This covers some security-related topics you may want to consider when evaluating or specifying an information technology product.
The general area of recoverability of data has been included since this is directly related to availability.
General Topics
- In the contract, the vendor needs to agree that you can use whatever tools and methods you think are available to an attacker to test its product.
- Independent certificationfor hosted service?
- Is your system susceptible to any SANS Top 20 security vulnerablities for Windows and UNIX described at http://www.sans.org/top20?
- a. If so, which ones?
- b. What is yuor timetable for correcting these vulnerabilities?
- What security-related certifications do those in your company who are involved with this porduct's development and support hold ? Examples of recognized certifications: SANS GSEC, CISSP, MCSE and CCIE.
- Are your developers trained in writing secure code?
- What is the best practice for locking down your product so that it is secure?
- Do we have direct, immediate access to a secure specialist within your company if a security problem should arise with your product?
- May we see a copy of your End User License Agreement?
- May we obtain an evaluation copy of your software in order to conduct a security assessment?
Cryptography
- Cryptographic components should use well-known and published strong ciphers.
- What ciphers do you use?
- Key lengths must be specified and aspects of key management must be specified. Local Administrator?
- Source of randomness must be specified.
- Unspecified components should be ignored and the cost of other solutions factored into the project cost, e.g. unspecified connection encryption would be ignored and the cost of providing an encrypted tunnel would be factored in; built into TCO.
- What encryption is used for data storage?
- What is used for session encryption?
- What industry standards and protocols such as SSL, TLS and LDAP are enacted within your system? What versions are supported?
PKI
- Can VT-CA certificates be used?
- Are you using Java 1.4 vs. 1.5 ?
- Can a CSR in the correct format be used?

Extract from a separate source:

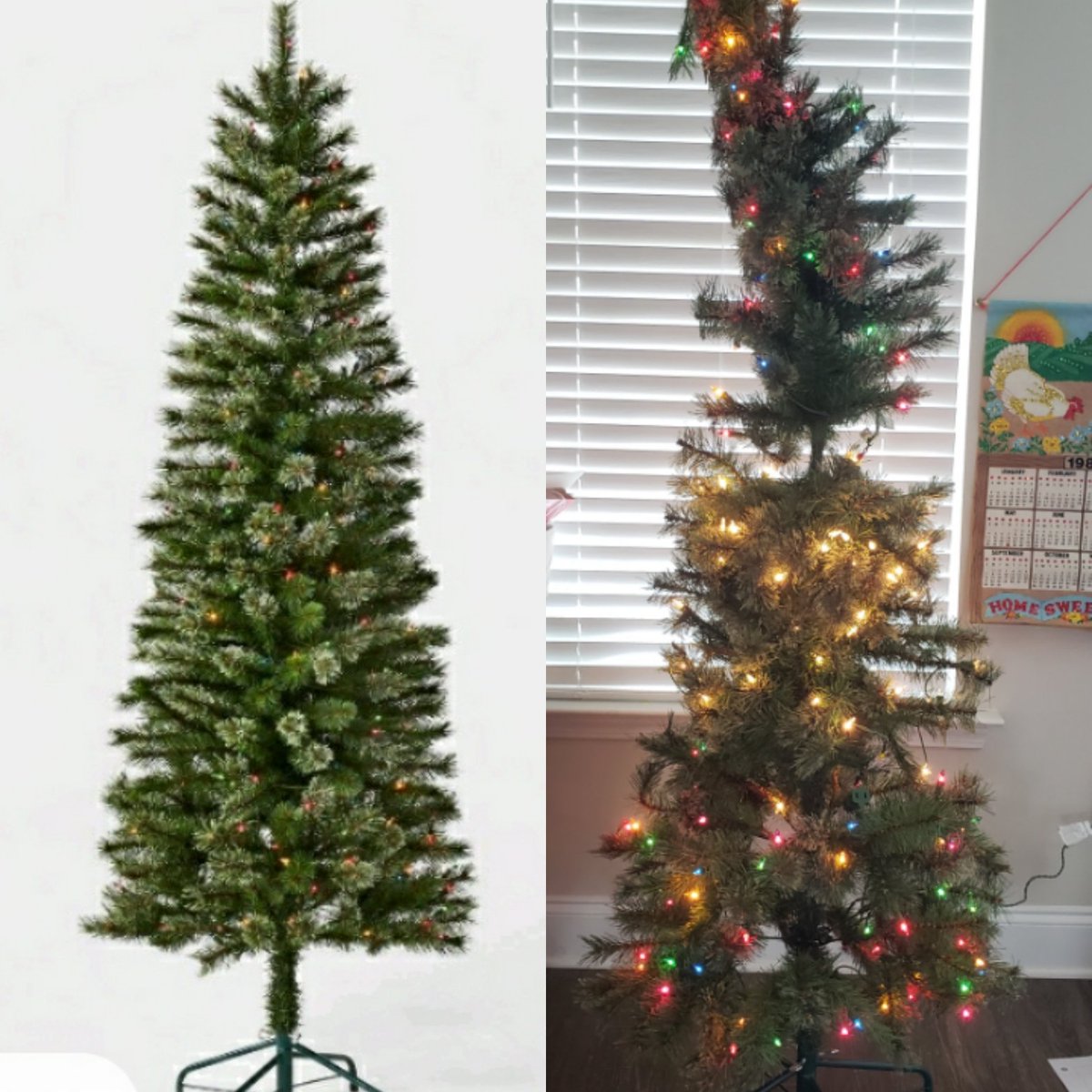 marisstar's tweet photo. @Target thanks a lot for making my 2020 complete. This tree is supposed to be all rainbow lights btw. #worstxmastree https://t.co/VXnIohKxs8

- Can you configure who the trusted CAs are?
- Is the DN, etc. in a VT certificate usable?
Data formats
This particular topic is not traditionally considered a security topic. It is here because it represents an issue that can be very costly when it is time to replace a software product. The ability to compare various data or configuration snapshots is quite useful in incident analysis though.

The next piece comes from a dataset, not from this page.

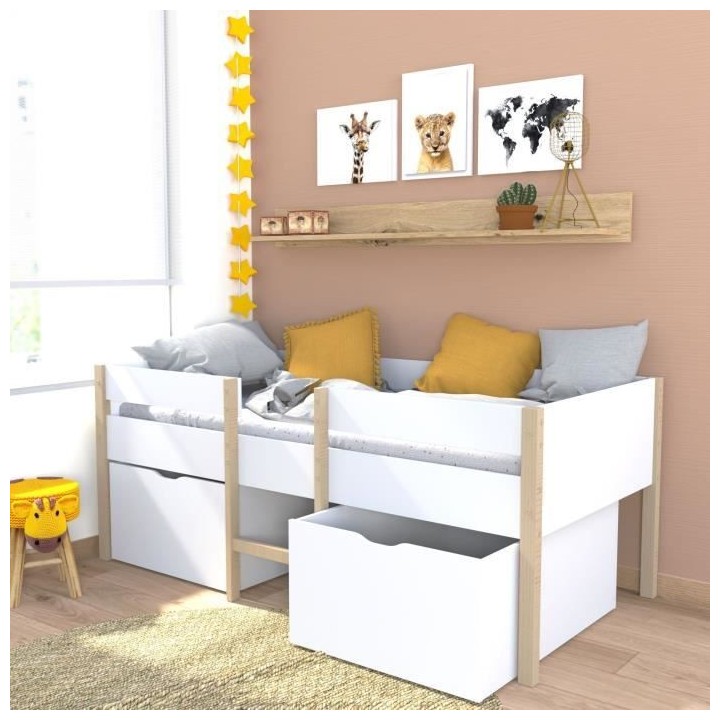 Lit mi-hauteur 90x200cm avec 2 maxi tiroirs - Blanc/Bois - Sommier inc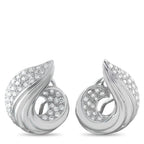 18K White Gold 1.72ct Diamond Swirled Shell Clip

Consider an application like Banner. The data are stored in Oracle tables which we can access with applications other than Banner. If we want to convert to some product, we know what data we have and where it is. If we want to generate reports not directly supported by Banner, we can do it with the normal database tools. Think about the
risk we would be taking if Banner stored the data in some proprietary format we couldn't directly access. Virtually all of our captive.

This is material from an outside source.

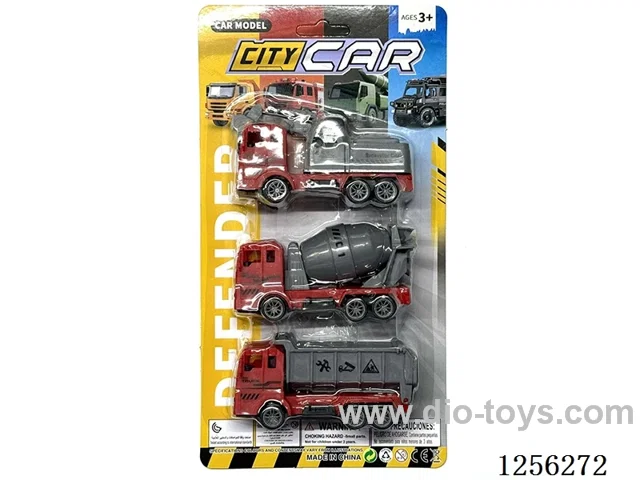 3PCS pull back Fire Engineering Vehicles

A second aspect of this issue is the usefulness of data over time. A 30-year old ASCII (or even EBCDIC) data file can still be used today. The same thing is true for a
LaTeX or nroff document. Even though formats may change over time, XML and associated tools will likely be around for a while and it provides a reasonable format for long-term data use.
- Is the format of the data files specified? I.e. could you write something to convert the data into something you can import into another product?
- How to do it: ASCII text, CSV, XML (such as ODF), tables in a database
- How not to do it: M$ Office
- Data includes configuration. Do you have all of the data you need to configure a fresh install of the system?
- Data Contract - What is the classification of the data stored in the system?
- Would we store sensitive data?
- Does the product carry / store / utilize / transport any VT-sensitive data ?
- Does the product own sensitive data ?
- What types of database access does your service require/allow?
Software
All
- Specific privileges required for installation and operation must be documented.
- All files installed or altered must be documented.
- Separation of privileged installation steps is preferred. (Think about the "run this script as root" part of an Oracle client install. That's a lot easier than looking at the whole install script.)
- We do not allow.
- Ask questions so we get a true answer.
- Does the vendor require remote access for problem resolution? If so, what level?
- The system administrator should be able to specify the install locations, e.g. /usr/local, /usr/local/depot, /opt, etc. (This often allows install by non-privileged user. I use opt_depot and do most installs as a non-root user).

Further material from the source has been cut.